Historians are unanimous in their agreement that the whole account was false. But at first, Monk's book caused a public outcry. Protestants in Montreal, demanded an immediate investigation, and the local bishop arranged one. The inquiry found no evidence to support the claims, though many American Protestants refused to accept the conclusion and accused the bishop of dishonesty.

Colonel William Leet Stone, a Protestant newspaper editor from New York City, undertook his own investigation. In October 1836, his team entered the convent and found that the descriptions in the book did not match the convent interior. During their first visit, the investigators were denied entry to the basement and the nuns' personal quarters. Stone returned to New York, interviewed Monk, and concluded that she had never been in the convent. On a later visit, he was given total access to all quarters. Stone's team found no evidence that Maria Monk had ever lived in the convent.

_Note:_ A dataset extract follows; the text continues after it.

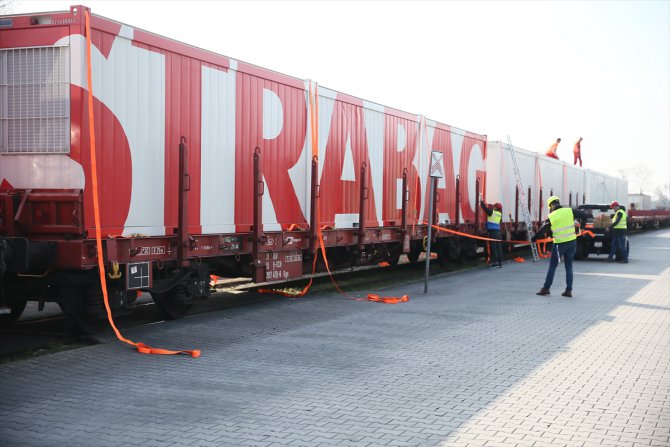 Avusturya’dan deprem bölgesine gönderilen konteynerler Bratislava’dan yola çıktı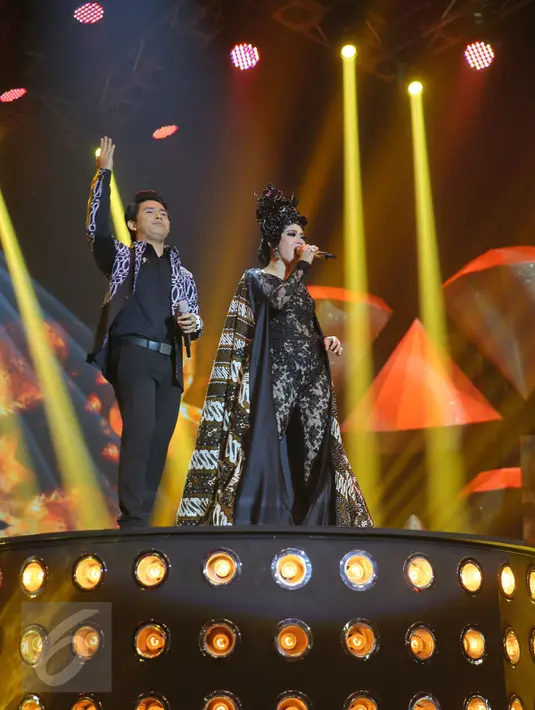Penampilan duet Syahrini bersama Cakra Khan dalam konser The Biggest Concert 'Dream Big' di Studio Emtek, Jakarta, Jumat (29/1). Dalam konser bernuansa glamor itu, Syahrini membawakan 15 lagu. (Liputan6.com/Faizal Fanani)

By the way, Maria Monk’s mother told a different story, giving a different perspective on her daughter personality, claiming Monk's mental problems began when she stuck a pencil into her head as a child. By the time Monk was a teen, her mother could no longer control her wild outbreaks, and had her committed to a Catholic asylum in Montreal. She said the girl had never been a Catholic and had never been inside the Hotel Dieu.

But, many people were still unconvinced. It is hard to imagine now, but substantial mistrust—and downright hatred—of Catholics and Catholicism, was widespread in colonial America. The American Revolution helped calm much of it, primarily through the young nation's alliance with Catholic France. After the Revolution, a Catholic community numbering barely 30,000 souls would generally be left alone.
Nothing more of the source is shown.